Most business owners, lenders, and other financial professionals understand that while there is a set of common, non-negotiable factors that goes into the valuation equation, other factors (and the weight assigned to them) will vary by industry, business structure, and other individual characteristics of the business under review.
Common assumptions around value include emphasis on physical assets, track record for financial performance, trademarks, patents or even significant, long-term customer relationships. Of course each of these factors does contribute to total value, but often not as much some would expect.
Cash Flow Rules
The indisputable king of a business valuation is cash flow. As every business owner knows, sales are just sales until they deliver a profit – ideally in a timely and repeatable fashion.
So while a business valuation professional will always study and consider the business’ total financial picture as revealed by its financial statements, the business appraiser is ultimately looking for a reliable pattern of positive cash flow to anchor the value of a business.
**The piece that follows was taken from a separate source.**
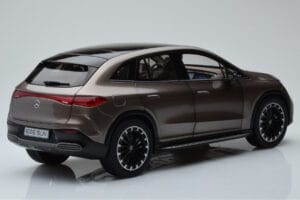 Mercedes EQE SUV X294 AMG Line Velvet Castanho NZG 1:18 B66960836 Metal - imagem 3 de 8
When there’s a solid picture in place for cash flow, every other aspect of the financial statements is more dependable, and the business is in a strong position to support maximum value.
Factoring Business Risk Into Valuation
Cash flow is king, but then there’s risk. Always. So the next question is how much risk? And what are the cash flow implications of that risk?
Risk presents itself in many forms, and the experienced business valuation professional looks at each one to come up with an assessment of total risk facing the business, both long-term and short-term. Short-term risk might include a situation where the business is overly reliant on one or two customers for a substantial portion of its cash flow – what’s the trajectory if one of those customers cuts back or goes away altogether? Other businesses face risk built in by seasonality and weather, and still others are subject to changes in trade policy or supply chain risk.
Longer-term risks are often tied to the general economic outlook, both local to where the business operates and more broadly. Or they involve the industry’s maturity, and that of any technology at the heart of the business – and emerging innovation that could change the playing field.
Often the most significant “value-add” provided by a business valuation is the comprehensive, clear-headed and objective assessment of risk, and its meaningful quantification. Experienced human intelligence plays an irreplaceable role in assessing individual business risk. Said another way, data is just data without human intelligence to evaluate actual risk.
Value Based on Capital Equipment and Other Assets
Yes, capital equipment can contribute to and is included in the company's total value. The equipment's age and condition are factors, as are its likely (or unlikely) liquidity in the event of a sale. Unless their equipment is specialized and in high demand, business owners can expect to see relatively low estimates for it as part of the total valuation.
Other assets commonly expected to contribute more value than they actually do include a business’ unique differentiator or proprietary product. For the purposes of the business valuation equation, the more closely those assets tie into actual cash flow, the more they contribute to value.